Columbia Pictures Film Noir Classics II (DVD Review)5 Jul, 2010 By: Mike Clark
$59.95 five-DVD set
Stars Glenn Ford, Fred MacMurray, Kim Novak, Gloria Grahame.
Male blood flow and other vital signs get a boost from quintessential Kim Novak and Gloria Grahame appearances in this welcome set — a follow-up to last November’s Vol. 1 (which featured The Big Heat, 5 Against the House, The Lineup, Murder by Contract and The Sniper). Like its predecessor, the box is a labor of love with involvement from Martin Scorsese’s Film Foundation, which among many other things, knows what’s what and what’s not when it comes to overlooked genre films of the 1950s.
Scorsese even introduces one of the selections, and there are further bonus cameos from Shutter Island colleague Emily Mortimer (talking about noir women and situations), plus Memento/The Dark Knight director Christopher Nolan on “Pulp Paranoia” and the fact that noir is as much a state of mind as it is a means of shadowy photographic expression. All five inclusions are correctly presented in the 1.85:1 aspect ratio, which hasn’t always been the case when they’ve been shown on cable movie stations. Here’s the breakdown, in rough order of personal preference:
Human Desire (1954): In the seductively sleazy Glenn Ford toughie that Fritz Lang directed right after their classic noir collaboration on 1953’s The Big Heat, the two took a crack at Emile Zola’s (on-DVD) La Bete Humaine, which had been terrifically filmed by Jean Renoir in 1938. Ford for Gabin is like a bad baseball trade (think Milt Pappas for Frank Robinson), but the movie is better than I remembered, if inevitably watered down from the original by the era’s standard censorship meddling.

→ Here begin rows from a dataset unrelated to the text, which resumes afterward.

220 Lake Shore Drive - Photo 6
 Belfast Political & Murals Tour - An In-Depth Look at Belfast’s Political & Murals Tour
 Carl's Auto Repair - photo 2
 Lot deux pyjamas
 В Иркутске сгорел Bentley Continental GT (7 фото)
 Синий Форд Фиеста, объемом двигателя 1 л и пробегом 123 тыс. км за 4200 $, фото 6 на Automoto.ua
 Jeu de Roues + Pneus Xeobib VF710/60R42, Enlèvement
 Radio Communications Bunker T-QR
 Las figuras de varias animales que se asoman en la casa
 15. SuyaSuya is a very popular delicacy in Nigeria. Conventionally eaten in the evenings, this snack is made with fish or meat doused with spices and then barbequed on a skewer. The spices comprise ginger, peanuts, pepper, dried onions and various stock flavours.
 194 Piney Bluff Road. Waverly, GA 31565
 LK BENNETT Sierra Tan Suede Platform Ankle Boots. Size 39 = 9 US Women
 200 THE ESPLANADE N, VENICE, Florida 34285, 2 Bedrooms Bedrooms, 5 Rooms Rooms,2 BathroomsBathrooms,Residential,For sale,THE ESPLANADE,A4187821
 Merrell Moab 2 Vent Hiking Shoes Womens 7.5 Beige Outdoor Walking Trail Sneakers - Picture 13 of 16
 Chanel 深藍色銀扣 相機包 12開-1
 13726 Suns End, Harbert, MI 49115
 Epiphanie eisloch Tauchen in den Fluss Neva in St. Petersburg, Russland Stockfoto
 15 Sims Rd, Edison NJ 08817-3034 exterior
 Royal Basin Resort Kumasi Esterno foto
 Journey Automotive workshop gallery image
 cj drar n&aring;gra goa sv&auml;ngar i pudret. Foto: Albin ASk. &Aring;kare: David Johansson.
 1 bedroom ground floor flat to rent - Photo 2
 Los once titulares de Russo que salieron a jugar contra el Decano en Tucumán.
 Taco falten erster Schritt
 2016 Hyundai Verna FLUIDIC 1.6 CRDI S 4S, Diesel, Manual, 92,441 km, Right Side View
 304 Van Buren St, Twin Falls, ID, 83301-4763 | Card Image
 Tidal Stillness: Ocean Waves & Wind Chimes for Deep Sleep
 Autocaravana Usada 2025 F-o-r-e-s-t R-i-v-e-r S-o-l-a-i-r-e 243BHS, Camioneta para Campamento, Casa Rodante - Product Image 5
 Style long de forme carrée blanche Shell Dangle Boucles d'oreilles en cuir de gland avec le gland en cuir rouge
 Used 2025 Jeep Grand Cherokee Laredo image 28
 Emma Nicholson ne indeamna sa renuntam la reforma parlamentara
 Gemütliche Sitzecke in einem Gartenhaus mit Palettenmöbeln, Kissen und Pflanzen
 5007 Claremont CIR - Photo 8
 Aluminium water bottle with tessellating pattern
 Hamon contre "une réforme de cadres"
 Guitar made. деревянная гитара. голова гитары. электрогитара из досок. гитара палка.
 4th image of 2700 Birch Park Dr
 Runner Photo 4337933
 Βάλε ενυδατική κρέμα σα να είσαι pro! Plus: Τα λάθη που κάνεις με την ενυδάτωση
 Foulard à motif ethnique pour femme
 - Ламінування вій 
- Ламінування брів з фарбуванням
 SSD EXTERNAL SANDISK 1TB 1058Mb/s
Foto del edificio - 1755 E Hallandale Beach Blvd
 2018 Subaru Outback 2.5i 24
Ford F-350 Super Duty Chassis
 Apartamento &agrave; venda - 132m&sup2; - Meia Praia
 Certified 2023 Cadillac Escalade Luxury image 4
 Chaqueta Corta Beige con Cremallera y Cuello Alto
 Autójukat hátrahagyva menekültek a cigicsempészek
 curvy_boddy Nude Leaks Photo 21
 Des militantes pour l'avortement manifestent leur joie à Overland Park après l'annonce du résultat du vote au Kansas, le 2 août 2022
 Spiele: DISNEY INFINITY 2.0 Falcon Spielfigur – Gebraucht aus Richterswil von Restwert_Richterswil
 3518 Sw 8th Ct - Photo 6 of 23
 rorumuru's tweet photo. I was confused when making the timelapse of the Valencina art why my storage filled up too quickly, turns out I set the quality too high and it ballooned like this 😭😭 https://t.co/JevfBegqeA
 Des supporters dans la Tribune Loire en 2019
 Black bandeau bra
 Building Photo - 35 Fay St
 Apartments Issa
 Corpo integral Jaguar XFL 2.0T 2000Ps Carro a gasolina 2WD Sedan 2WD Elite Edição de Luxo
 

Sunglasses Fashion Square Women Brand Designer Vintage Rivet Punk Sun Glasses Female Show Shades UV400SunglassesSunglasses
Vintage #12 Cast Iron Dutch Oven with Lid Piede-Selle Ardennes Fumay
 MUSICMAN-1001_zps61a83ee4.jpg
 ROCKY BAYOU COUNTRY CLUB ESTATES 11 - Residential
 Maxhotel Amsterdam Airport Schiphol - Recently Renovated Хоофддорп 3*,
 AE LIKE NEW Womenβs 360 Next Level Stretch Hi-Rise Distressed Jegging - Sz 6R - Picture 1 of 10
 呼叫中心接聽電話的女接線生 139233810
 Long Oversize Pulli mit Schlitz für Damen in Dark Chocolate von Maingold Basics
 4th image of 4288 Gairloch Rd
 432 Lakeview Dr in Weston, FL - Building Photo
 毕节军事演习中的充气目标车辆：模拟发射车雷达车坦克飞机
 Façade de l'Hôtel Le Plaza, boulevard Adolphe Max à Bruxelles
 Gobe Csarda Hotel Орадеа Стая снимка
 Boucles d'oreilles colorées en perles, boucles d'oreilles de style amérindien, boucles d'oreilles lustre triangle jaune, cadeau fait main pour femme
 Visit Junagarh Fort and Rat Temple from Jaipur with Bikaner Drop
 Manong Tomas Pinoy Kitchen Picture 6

Of all the actresses who could be termed “silky,” Gloria Grahame possibly ranked No. 1. And two years after her rather unmerited supporting Oscar for The Bad and the Beautiful, she is thoroughly tops here as the bored wife of a railroad exec who is not only the anti-hunk (Broderick Crawford) but a belligerent type unable to hold a job. So her character sets her sights on a just returned Korean War vet (not exactly a Zola touch there), but the murder of a third party has already gotten in the way.
In the original film, Gabin gets more emotionally entangled with the wife (Simone Simon) than Ford does here — and putting aside the script differentials, more deeply than Ford is capable of showing. But you can tell that Grahame at least represents something exciting to Ford, particularly in how he off-handedly rejects his friend/landlord’s comely daughter — who is what used to be called “full-figured” and transparently anxious-and-a-half to sneak into his room down the hall.
The last hour has some strong moments, though as always in movies about laughably mismatched mates, I wonder about the original Grahame-Crawford courtship process. Did they split a White Castle, hold hands at a high school basketball game or make love on the beach? We’ll never know, but this is a somewhat underrated movie, if not a match for the Renoir.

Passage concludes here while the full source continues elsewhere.